» **TASK INPUT**
· · · · · · ·
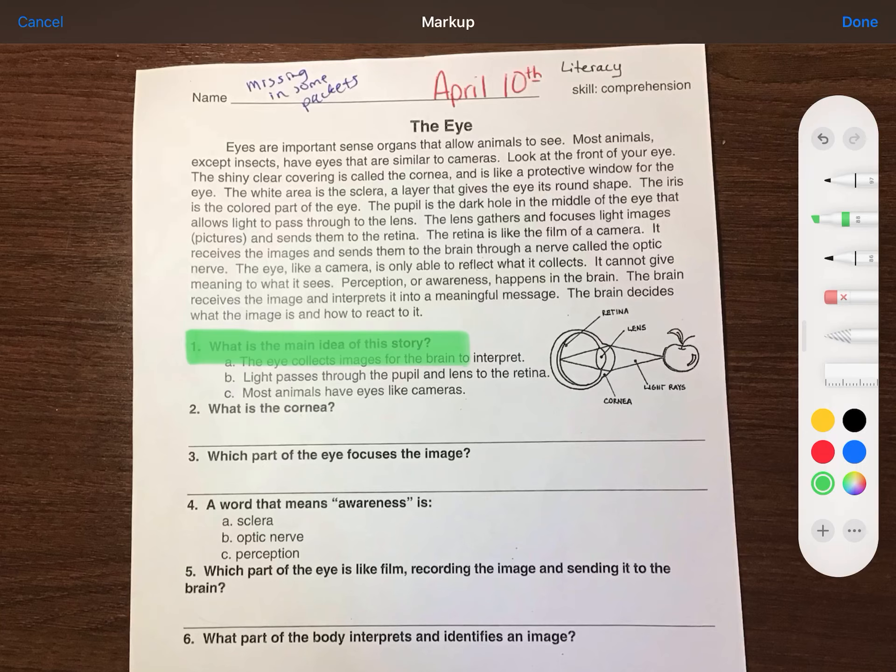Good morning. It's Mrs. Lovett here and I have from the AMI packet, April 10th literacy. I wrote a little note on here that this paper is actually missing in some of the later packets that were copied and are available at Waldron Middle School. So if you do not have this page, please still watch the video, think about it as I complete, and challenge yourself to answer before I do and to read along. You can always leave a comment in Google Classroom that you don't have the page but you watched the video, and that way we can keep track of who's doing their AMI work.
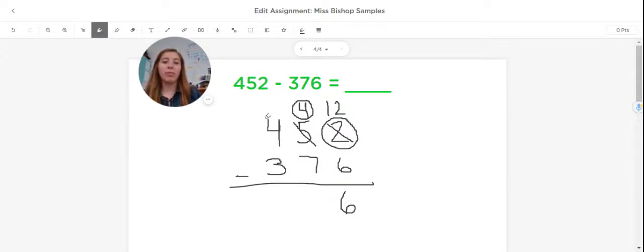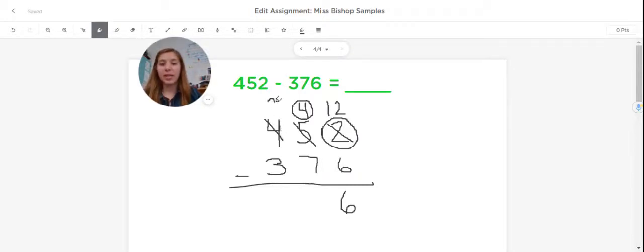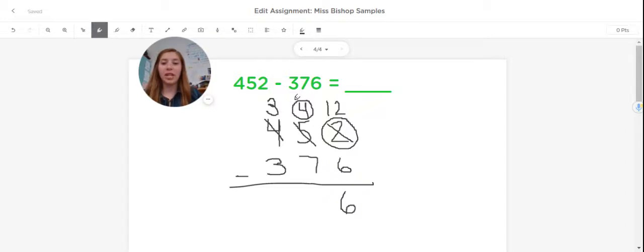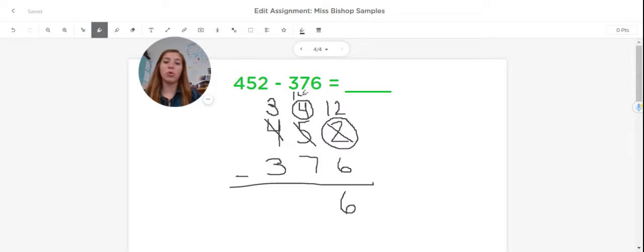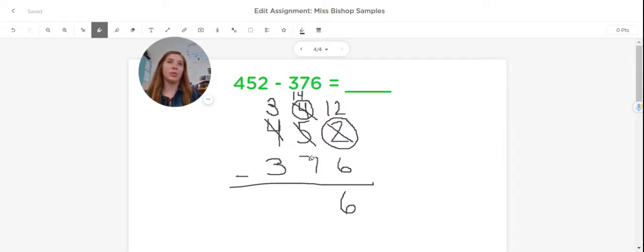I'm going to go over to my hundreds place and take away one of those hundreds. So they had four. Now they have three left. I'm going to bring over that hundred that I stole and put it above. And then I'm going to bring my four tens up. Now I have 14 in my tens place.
· · · · · · ·
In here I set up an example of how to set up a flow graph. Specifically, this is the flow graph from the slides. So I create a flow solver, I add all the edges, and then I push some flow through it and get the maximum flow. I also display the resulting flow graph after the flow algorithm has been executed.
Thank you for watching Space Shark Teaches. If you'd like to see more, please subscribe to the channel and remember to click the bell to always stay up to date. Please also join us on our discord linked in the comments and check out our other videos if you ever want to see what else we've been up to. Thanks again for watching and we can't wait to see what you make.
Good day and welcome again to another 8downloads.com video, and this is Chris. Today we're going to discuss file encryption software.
· · · · · · ·
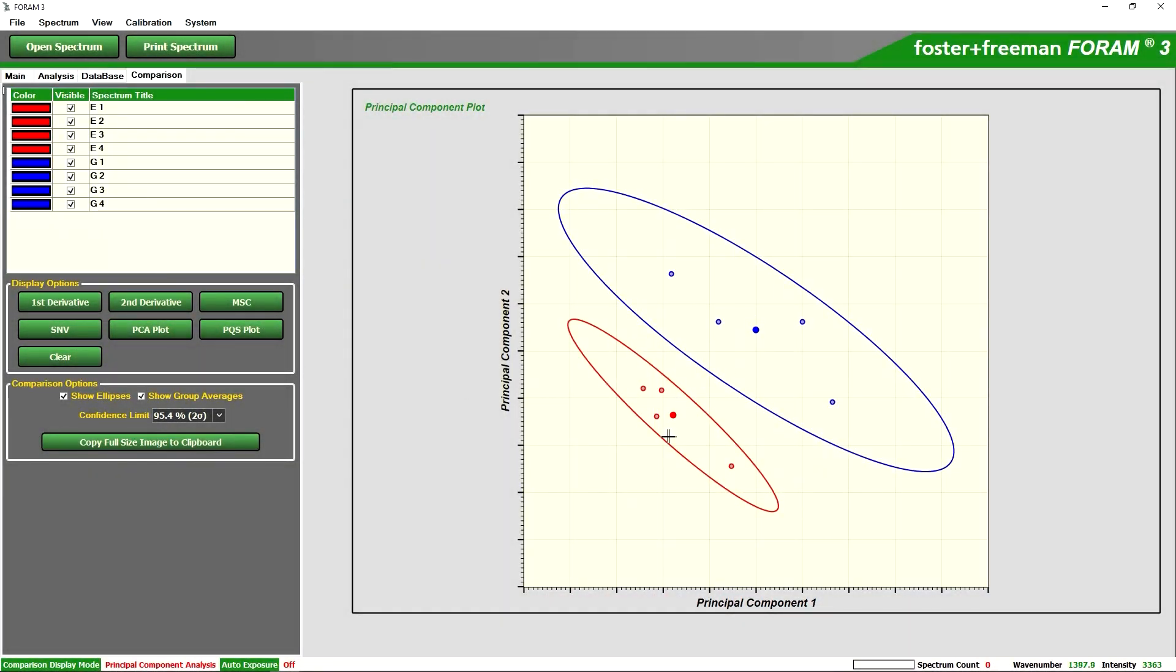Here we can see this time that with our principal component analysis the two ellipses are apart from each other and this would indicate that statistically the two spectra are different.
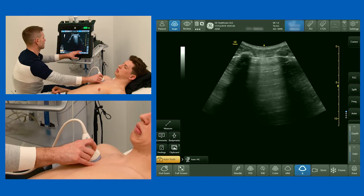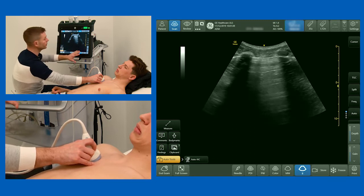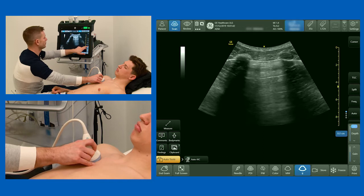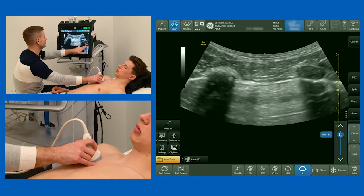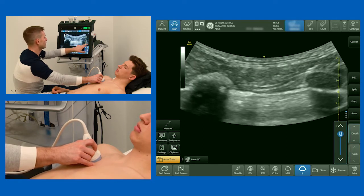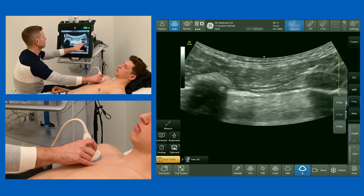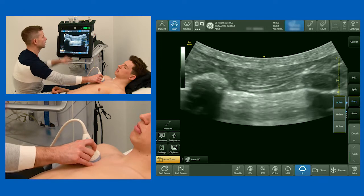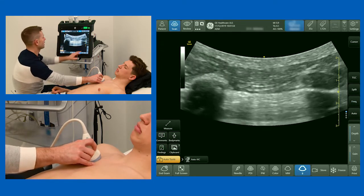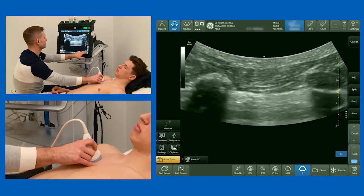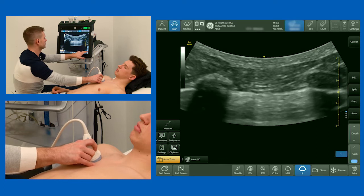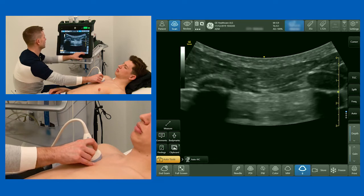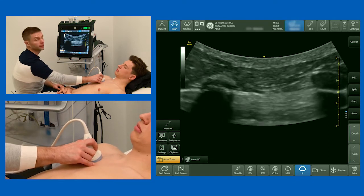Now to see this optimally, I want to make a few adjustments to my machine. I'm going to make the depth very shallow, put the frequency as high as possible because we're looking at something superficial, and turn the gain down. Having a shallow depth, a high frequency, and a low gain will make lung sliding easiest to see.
· · · · · · ·
Using only the entries above, output the line with "In here I set", the line with "Thank you for", and all lines between them, exactly as they stand.

» **ANSWER SECTION**
In here I set up an example of how to set up a flow graph. Specifically, this is the flow graph from the slides. So I create a flow solver, I add all the edges, and then I push some flow through it and get the maximum flow. I also display the resulting flow graph after the flow algorithm has been executed.
Thank you for watching Space Shark Teaches. If you'd like to see more, please subscribe to the channel and remember to click the bell to always stay up to date. Please also join us on our discord linked in the comments and check out our other videos if you ever want to see what else we've been up to. Thanks again for watching and we can't wait to see what you make.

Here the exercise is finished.